Sounds like my kinda guy!
You know how I don't like to brag...
Bragging Daughter Moment:
My father can ask or a beer in-
German, French, Italian, Portuguese, Polish, Chinese and of course English/Spanish.
That's my pops! :o)
"FOR"
I seriously don't know what's going on with me!
Jean Knee: (Future Saint)
Thankyou, very gracious of you.
Bee:
I was once told that "San Miguel" works in most countries ;-)
Funny - I've been getting lost words as well - I'm sure I wrote (Saint in Training) on Jean Knee's blog...
I know I'm awesome and all, but saintly may be a wee bit much.
Look closely at that pic of Handel, he has your eyes and eyebrows, Brian. any relation we should know about?
Jean Knee:
I'm only trying to get you off the Naughty List, but don't you think you'd suit a halo?
I'm not sure I see the resemblence with Handel.

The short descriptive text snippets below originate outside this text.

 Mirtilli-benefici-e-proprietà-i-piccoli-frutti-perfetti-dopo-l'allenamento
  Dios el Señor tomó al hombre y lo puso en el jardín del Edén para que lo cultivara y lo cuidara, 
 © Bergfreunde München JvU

He also looks pretty bald to me - My hair isn't receding anywhere near fast enough.
He was a big fat Kraut. As far as I know I'm not of German descent, and I'm not as round as he was...
Bee & Jean Knee:
I've just seen this on the news. You can get a DVD of your idol Putin - you get to see him half naked (they showed excerpts on TV):
http://www.telegraph.co.uk/news/main.jhtml?xml=/news/2007/12/21/wputin221.xml
Ah, the link doesn't work. Just google "Putin judo DVD"...

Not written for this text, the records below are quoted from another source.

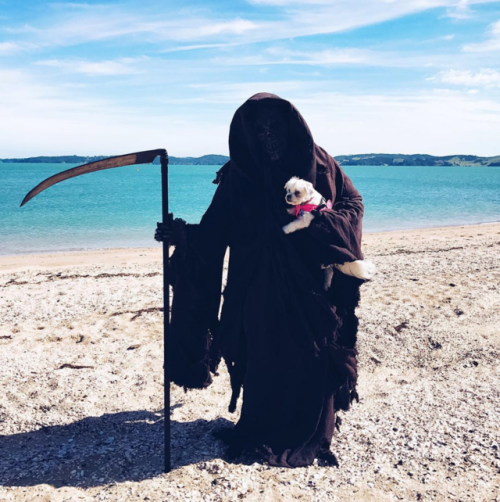 archiemcphee:Meet The Swim Reaper, death taking an extended holiday on the beaches of New Zealand an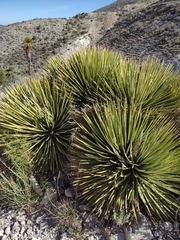 Agave striata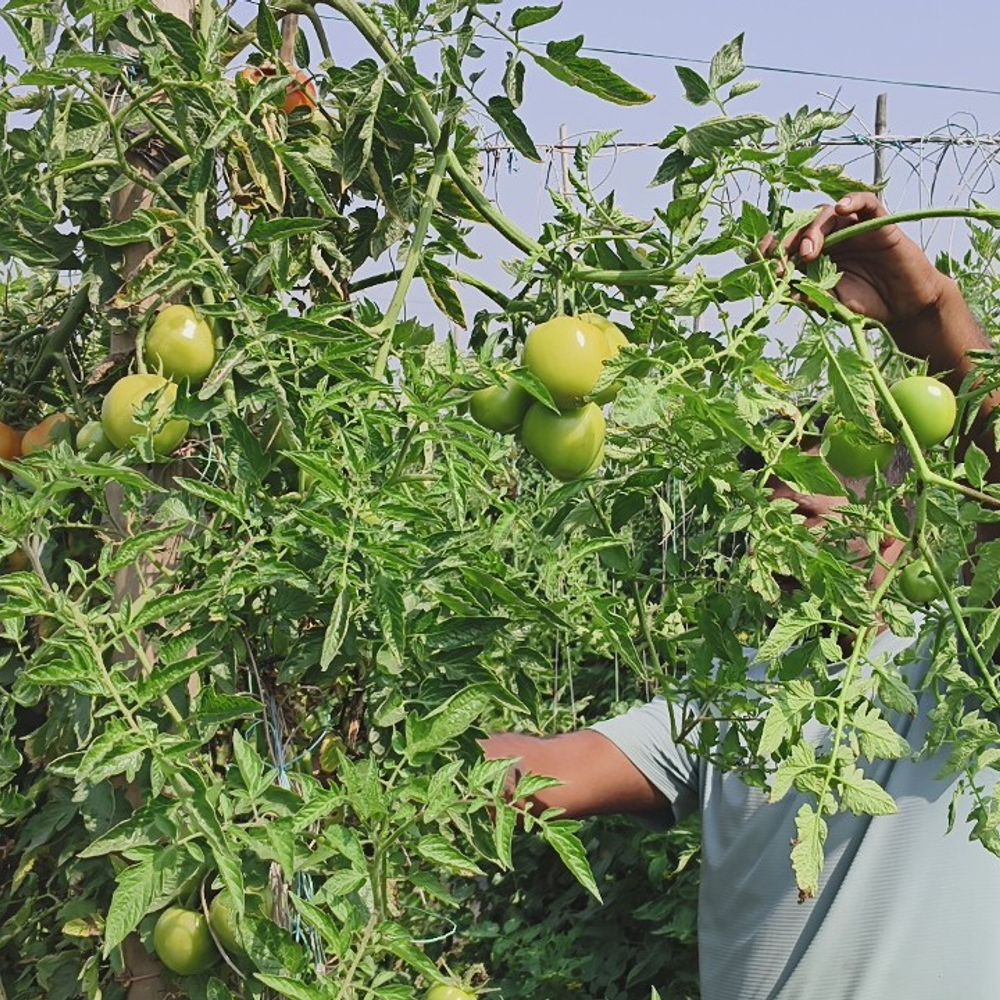 किसान ने मचान विधि से टमाटर उगाकर लाखों कमाए:लागत का कई गुना मुनाफा, खेती करने का तरीका बताया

Only the eyebrows and eyes, not the rest of him.
checked out putin- interesting
I just hope George W. doesn't put out a bare torsoed line dancing video (shiver)

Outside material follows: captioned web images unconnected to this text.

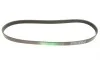 Ремень генератора Renault Magnum 12.0 00- Gates 6PK1050HD (фото 4)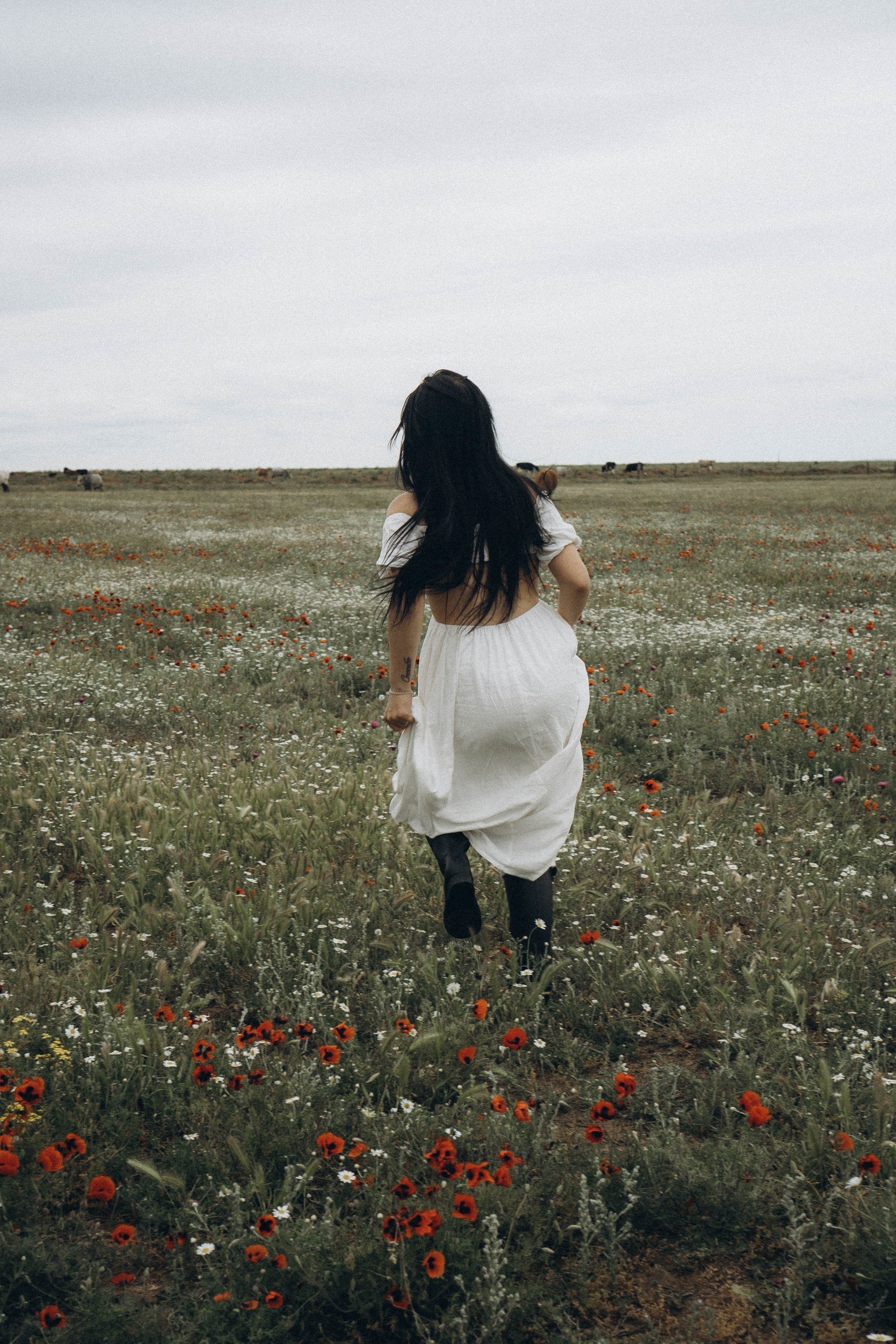 Маковое поле. Профессиональный фотограф, Санкт-Петербург — Виктория Богомолова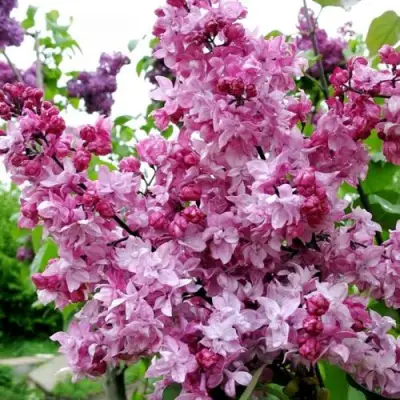 Сирень ОЛИМПИАДА КОЛЕСНИКОВА в Солигорске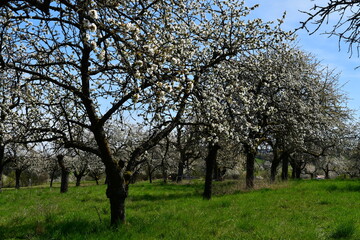 Kirschblüte bei Kalchreuth in Franken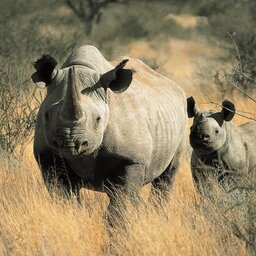 Zuid-Afrika-Tswalu-Kalahari-streek-wetu-3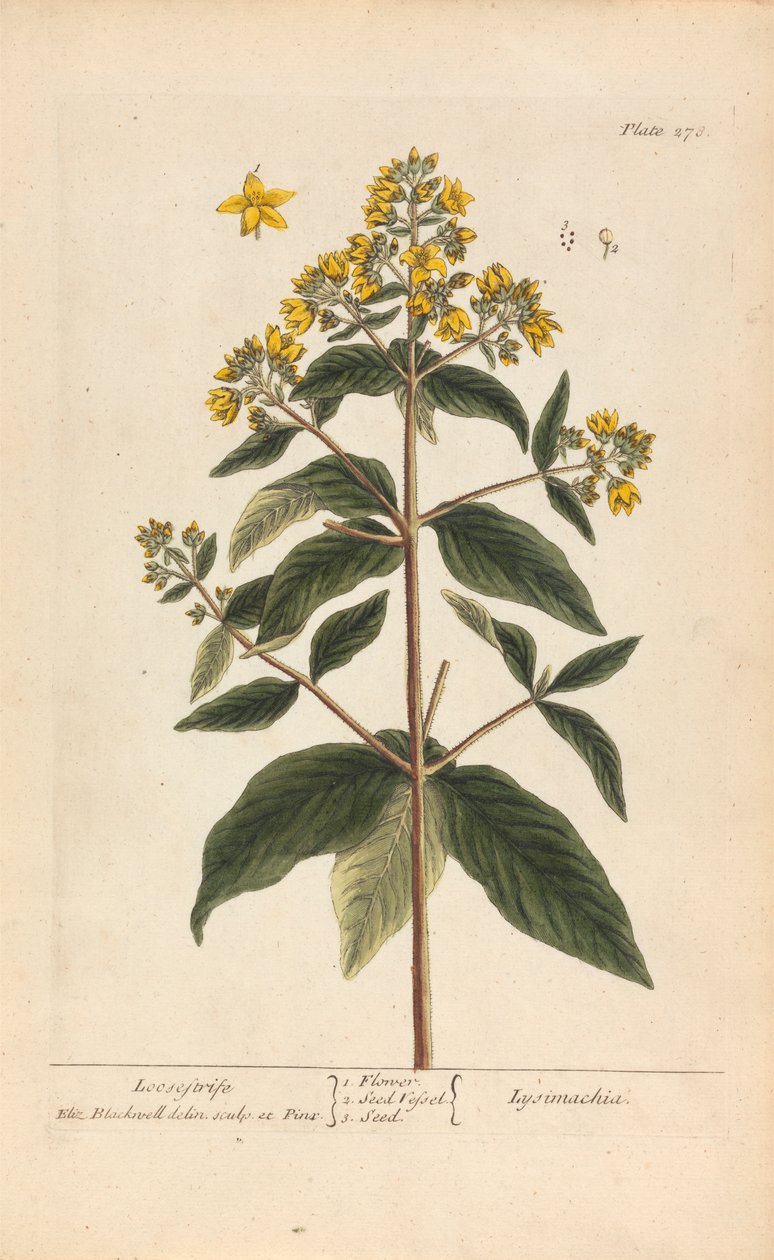 Lysimachia (Loosestrife), Plate 278 from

line dancing- Texan type dance, yes I'm good at it thanks for asking
I'm back on the nice list
I'm hopeless with faces, so I'm not good at judging resemblence.
As far as I can tell he's got two eyes and eyebrows, and so have I - an uncanny similarity ;-)
Jean Knee:
I'm afraid that line dancing didn't stay in Texas - it was popular here for a while a few years ago. Some people spent a fortune on the outfits. I bet they're all rotting in wardrobes now...
They didn't do it "bare torsoed" here, though - won't that put you back on the naughty list?
I will not settle for anything less than completely naked!!
Having said that, I'm off to clicky on the link.
Why, oh why would we inflict line dancing on you poor innocent Brits??
It comes and goes here, although it's always popular in Hick hangouts
I just saw your queen on youtube....
what's up with that?
Jean Knee,
You forget that I don't keep in touch with UK events any more.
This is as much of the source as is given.